Application Envisioning idea
J1.

Computer mediated communication can become integral to knowledge work practices, even in cases where collaborating workers and stakeholders are in close proximity. Product teams can envision functionality concepts that could provide workers with clear, relevant, direct, and contextually appropriate options for actively communicating about important application content.

Examples from three knowledge work domains:
(Illustrated above) A scientist users the integral communication options in her lab’s information management application to communicate with laboratory staff, outside vendors, and distant collaborators. This integration saves some work when starting communication tasks, and it also ties communication acts and information with related laboratory data in the systemn.
A financial trader just completed a complex transaction with many parts. To ensure that the back office workers who will process the trade have the information that they need, he uses his trading application to add some special instructions to the completed trade form.
An architect closes her building modeling application. As the tool shuts down,
she opts to use a function that will send a status report to selected recipients on
her team. This report will contain a summary of changes that she has made to the
building model during her work session.
The ability to communicate effectively, in a variety of forms, is often a key part of knowledge workers’ skill sets. Even though product teams may treat communication acts as separate tasks in their rationalizations of workers’ practices (A), end users may not make these types of distinctions in their own mental models of their own activities. People can value applications that anticipate their communication needs and present related, contextual options (E3, E4) within the pathways of their onscreen actions.
Product teams can look for opportunities in their sketched computing tools to provide clear, relevant, direct, and integrated communication choices (C4, G1). Since not all communication tasks are the same, models of message frequency, timing, formality, importance (D3), and other dimensions can help teams envision distinct functional responses (A). These responses may involve interoperability (K8, K9) or full integration (K10) with workers’ existing communication technologies. Alternately, some scenarios of communication may be better supported via new channels and options within the envisioned application itself (J5, C7, G4), rather than via existing, separate, loosely linked pathways.

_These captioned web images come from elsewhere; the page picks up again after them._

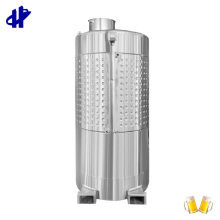 Stainless Steel Wine Fermentation Tanks - Beverage Wine Fermenting Equipment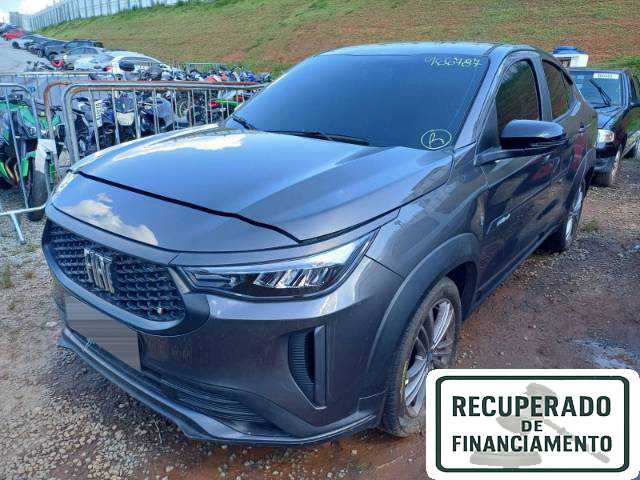 FIAT FASTBACK 1.0 24/25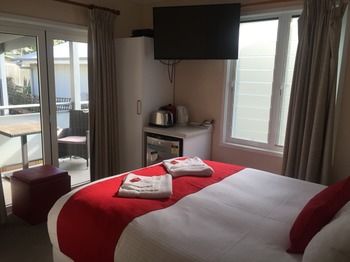 Huskisson Beach Bed And Breakfast - Hotel Gold Coast 36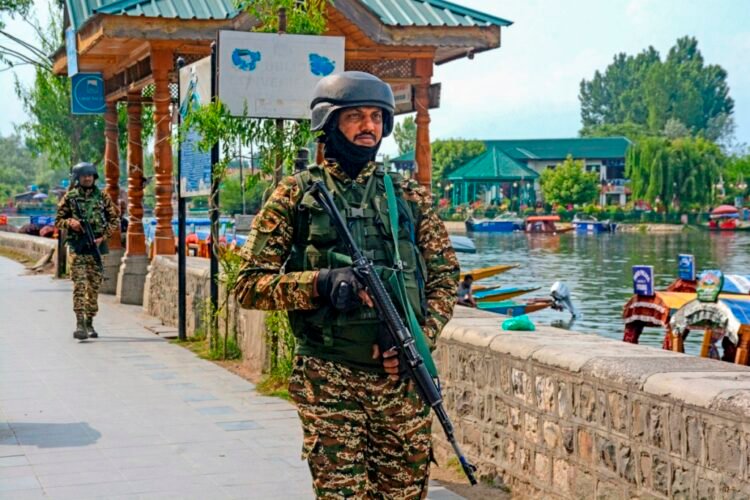 Drones shot down at multiple places in J-K as Pakistan violates bilateral understanding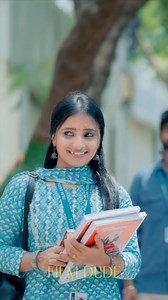 எனக்காக எது வேணாலும் பண்ணுவியா?! 🫣🥰 Hello Senior 💙| Episode - 01 | Aareesh | Chippuchippy | Tamil Love Web Series | Filmdude #hellosenior #college #collegelife #love #senior #junior #filmdude #nenjame | Film Dude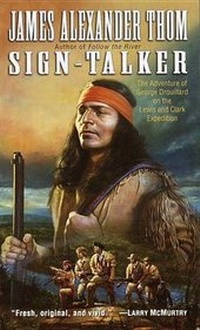 Enlarge image Cover: Sign-Talker - Random House Inc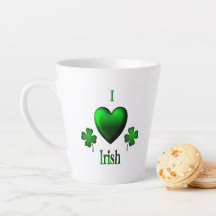 I Heart Irish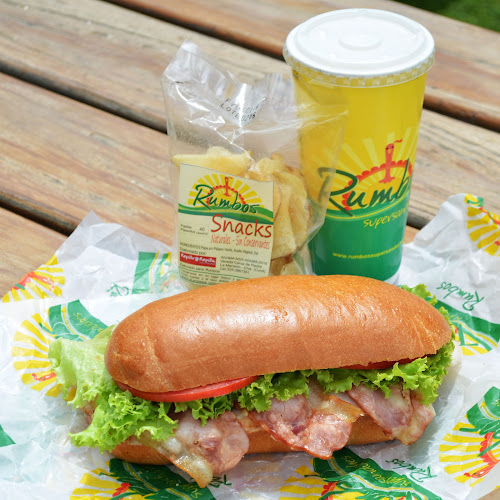 Comentarii opinii despre Rumbos Super Sanduches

When product teams do not actively consider how intentional communication could be integrated into their application concepts, resulting tools may drive users to take extra, often outside, steps in order to accomplish their goals (D2). The collective toll of these additional communication efforts on workers’ productivity and satisfaction can be substantial (D3). In cases where individuals place a high value on the communicative portions of their day to day work experiences, failure to integrally support some types of communication acts may convey a lack of product quality and larger utility (K3).
See also: B, C6, D4, D6, F, J

Application Envisioning questions:
Why might targeted knowledge workers want to communicate about the various types of information that your team has envisioned as being part of your application concepts? With whom might they want to actively communicate? How could specific communication tasks be usefully supported through direct and integral functionality?

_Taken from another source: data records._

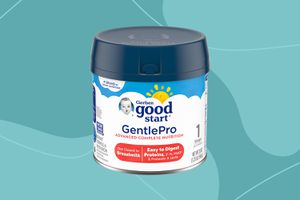 Best Baby Formulas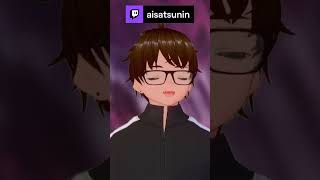 #SingingMarch D3: "MYSTIC EYES" by 和田弘樹/h-wonder #utaite #youtaite #vtuber #vtuberph #vtuberen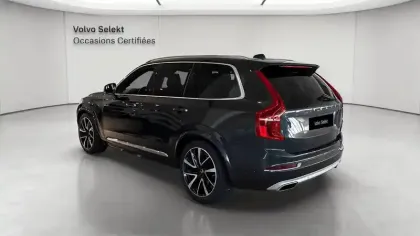Photo 6 Volvo XC90  T8 Twin Engine 320+87 ch Geartronic 7pl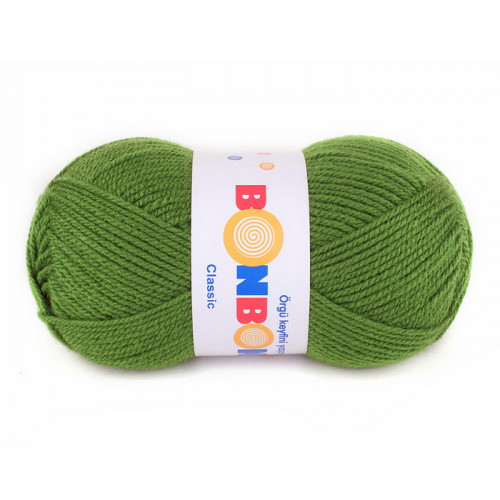98235 Пряжа Nako Bonbon Classic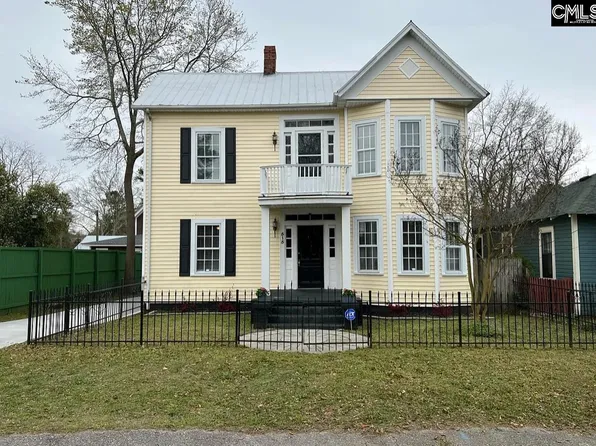 515 Center St, West Columbia, SC 29169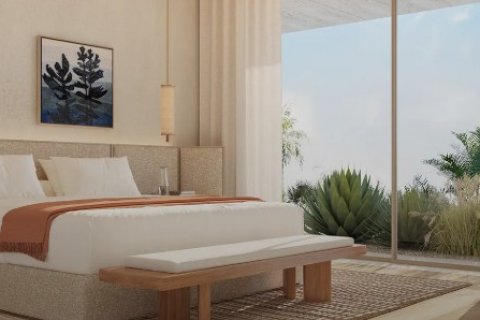 Villa Mohammed Bin Rashid City, Dubaijā, AAE 691.66 m2 Nr. 554428 - attēls 4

More specific questions for product teams to consider:
What trajectories of work practice that your team is striving to mediate involve intentional communication as part of their initiation or completion?

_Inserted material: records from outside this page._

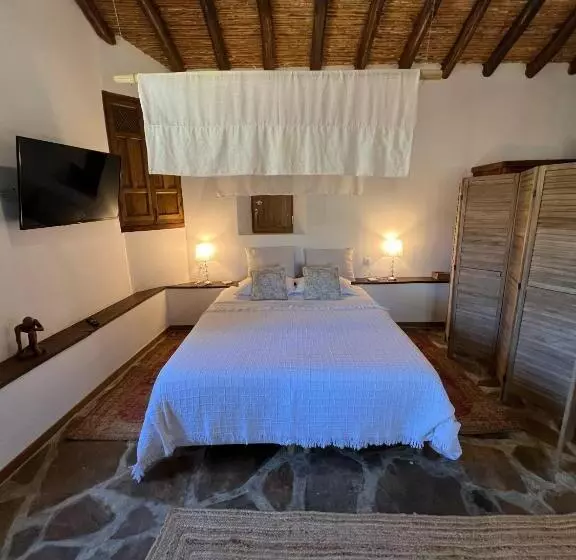 ペンション Finca Altozano   Private Pool   Unique Client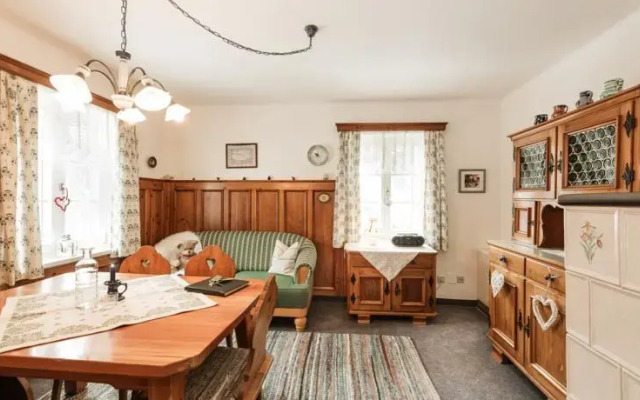 Chalet Kerstin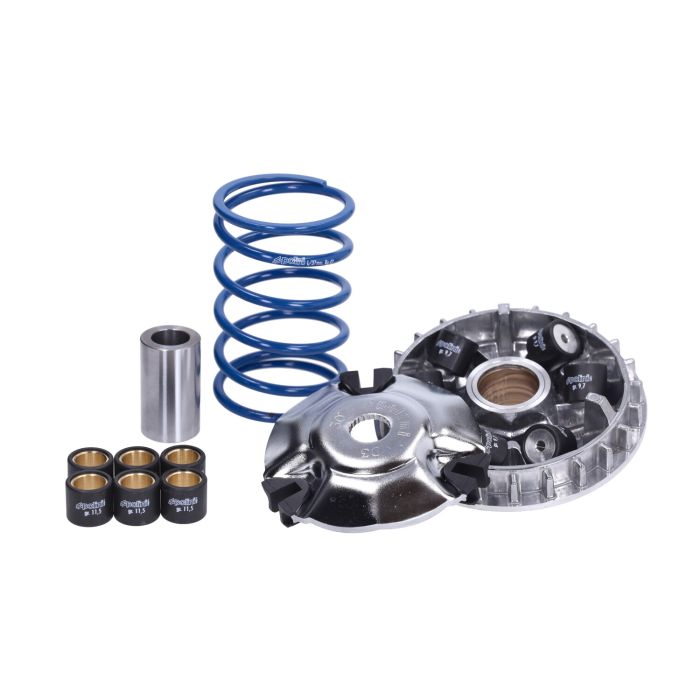 Variateur complet Polini Euro 4/5 GTS 125-150 / Medley 125-150 - vue 4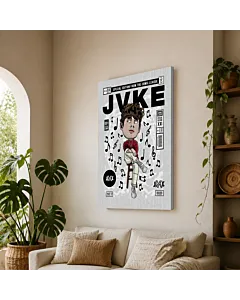 JVKE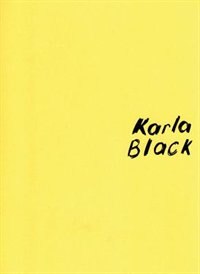 Karla Black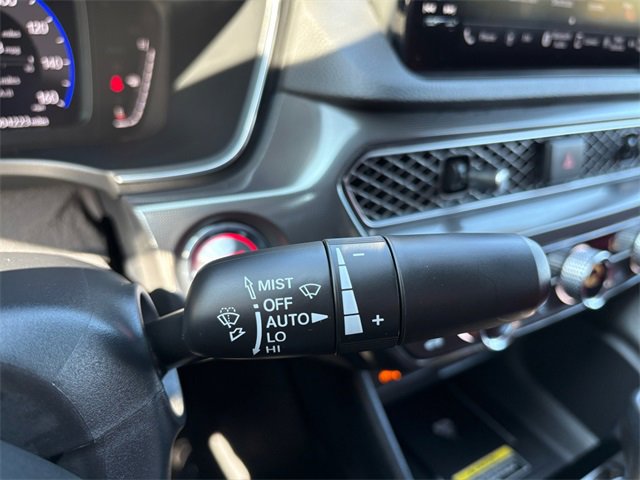 Certified 2025 Acura Integra A-Spec image 17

How do targeted individuals currently communicate while cooperating or collaborating around information artifacts?
What communication channels do workers use as part of targeted operations, tasks, and larger activities?
Which active communication practices do workers currently find to be problematic or tedious? Why?
What larger design and technology trends could influence your team’s ideas about supporting integral communication within your product?
How might your sketched functionality concepts conveniently tie into workers’ existing communication channels in goal oriented ways?
What new functionality concepts might your team envision to make communication easier and more meaningful within targeted work practices?
How might communication be different when recipients are not users of your computing tool? How could these “external” conversations remain clearly tied
to your product?
How might your team’s approaches for supporting integral communication relate to your other functionality concepts for supporting cooperation, collaboration, and workspace awareness?
Do you have enough information to usefully answer these and other envisioning questions? What additional research, problem space models, and design concepting could valuably inform your team’s application envisioning efforts?